With real numbers, division is straightforward. But with complex numbers, you're working with two components at once.
Try dividing (3 + 4i) by (1 + 2i) using basic division. You'll get stuck. The result needs to end up in the form a + bi, and simple division doesn't get you there.
This is why we use the conjugate method.
The Conjugate Method: Step by Step
To divide two complex numbers, follow these steps:
Step 1: Identify the Conjugate
The conjugate of a + bi is a - bi. Just flip the sign of the imaginary part.
Step 2: Multiply Numerator and Denominator by the Conjugate
For (3 + 4i) ÷ (1 + 2i), multiply both by the conjugate of (1 + 2i), which is (1 - 2i).
Step 3: Apply FOIL to the Numerator
Multiply out (3 + 4i)(1 - 2i). Use FOIL like normal.
Step 4: Apply FOIL to the Denominator
Multiply out (1 + 2i)(1 - 2i). Here's where the magic happens — this always simplifies to a real number.

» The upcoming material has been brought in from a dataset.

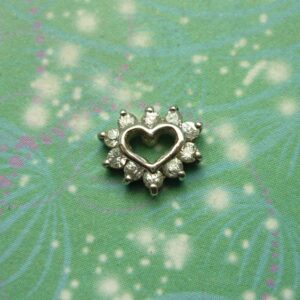 Fancy Jeweled Sterling Silver Heart - Charm for Memory Lockets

Step 5: Simplify and Separate Real from Imaginary
Combine like terms. Your answer should end up as a + bi.
Worked Examples
Example 1: (3 + 4i) ÷ (1 + 2i)
Step 1: Multiply by the conjugate: (1 - 2i)
Step 2: Numerator: (3 + 4i)(1 - 2i)
- F: 3 × 1 = 3
- O: 3 × (-2i) = -6i
- I: 4i × 1 = 4i
- L: 4i × (-2i) = -8i²
Combine: 3 - 6i + 4i - 8i² = 3 - 2i - 8i²
Remember that i² = -1, so -8i² = -8(-1) = 8
Numerator simplifies to: 3 - 2i + 8 = 11 - 2i
Step 3: Denominator: (1 + 2i)(1 - 2i)
- 1 × 1 = 1
- 1 × (-2i) = -2i
- 2i × 1 = 2i
- 2i × (-2i) = -4i²
Combine: 1 - 2i + 2i - 4i² = 1 - 4i²
Since i² = -1: 1 - 4(-1) = 1 + 4 = 5
Step 4: Final answer: (11 - 2i) ÷ 5 = 11/5 - (2/5)i
Or: 2.2 - 0.4i
Example 2: (7 - 3i) ÷ (2 + i)
Conjugate of denominator: 2 - i
Numerator: (7 - 3i)(2 - i)
- 7 × 2 = 14
- 7 × (-i) = -7i
- -3i × 2 = -6i
- -3i × (-i) = 3i²
14 - 7i - 6i + 3i² = 14 - 13i + 3(-1) = 14 - 13i - 3 = 11 - 13i
Denominator: (2 + i)(2 - i) = 4 - 2i + 2i - i² = 4 - (-1) = 5
Answer: (11 - 13i) ÷ 5 = 11/5 - (13/5)i
Practice Problems
Try these on your own before checking the answers below:
- (5 + 10i) ÷ (1 + i)
- (8 - 2i) ÷ (3 - i)
- (4 + 6i) ÷ (2 - 3i)
- (1 + i) ÷ (1 - i)
Answers:
- 7.5 + 2.5i (or 15/2 + 5/2i)
- 26/10 + 2/10i (or 13/5 + 1/5i)
- -1/13 + 24/13i
- i (This one equals exactly i — no real part!)
Common Mistakes to Avoid
- Forgetting to multiply both numerator AND denominator by the conjugate. You must do both.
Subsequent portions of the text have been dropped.